Plasmons – the quantized oscillations of free electron density, typically in a metal – are important mediators of interactions between electrons and light, and nanoscale plasmonic devices hold promise for applications like high-speed data transmission and ultrafast detector arrays.
But there’s a problem, says nanoscientist Jim Schuck of Lawrence Berkeley National Laboratory’s Materials Sciences Division. Not only is the wavelength of light too large to study nanostructures, “most tools used to study plasmonic fields will alter the field distribution – the very behavior we hope to understand.”
Schuck and his colleagues at the Molecular Foundry, the DOE Nanoscale Science Research Center located at Berkeley Lab, have engineered nanoscale color sorters, bowtie-shaped plasmonic devices that capture, filter and steer light, acting as antennas to focus and sort light in tiny spaces to a desired set of colors (energies).

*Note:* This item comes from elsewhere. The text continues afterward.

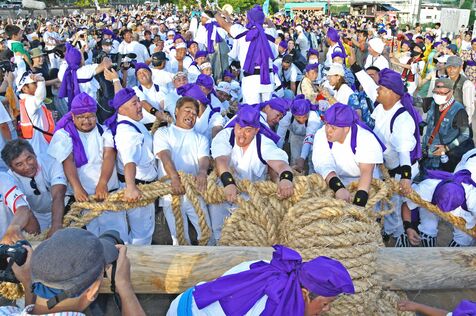 「こんなに長い勝負になるとは」激闘11分40秒！　21年ぶりの津嘉山大綱曳きは東が制す　沖縄・南風原町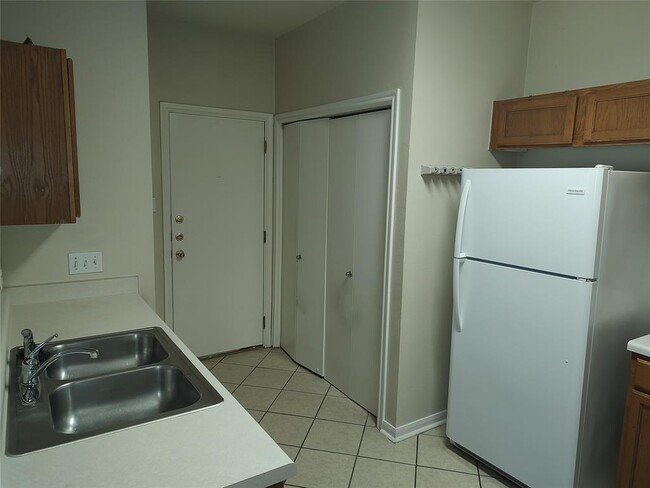 Photo - 2206 S Bagdad Rd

Originally developed for detectors, the innovative imaging concept has now been extended to visualizing plasmonic fields at nanoscale resolution. By imaging fluorescence from gold within the bowtie, the team was able to glean the position of plasmonic modes—oscillations of charge that result in optical resonance—just a few nanometers apart.“By shifting their structure by just a few nanometers, we can focus light at different positions inside the bowtie with remarkable certainty and predictability,” says team member Alex McLeod, an undergraduate working at the Foundry. McLeod has used open-source software developed at Massachusetts Institute of Technology to develop a web-based toolkit for imaging plasmonic devices, which is now available on the National Science Foundation’s Network for Computational Nanotechnology.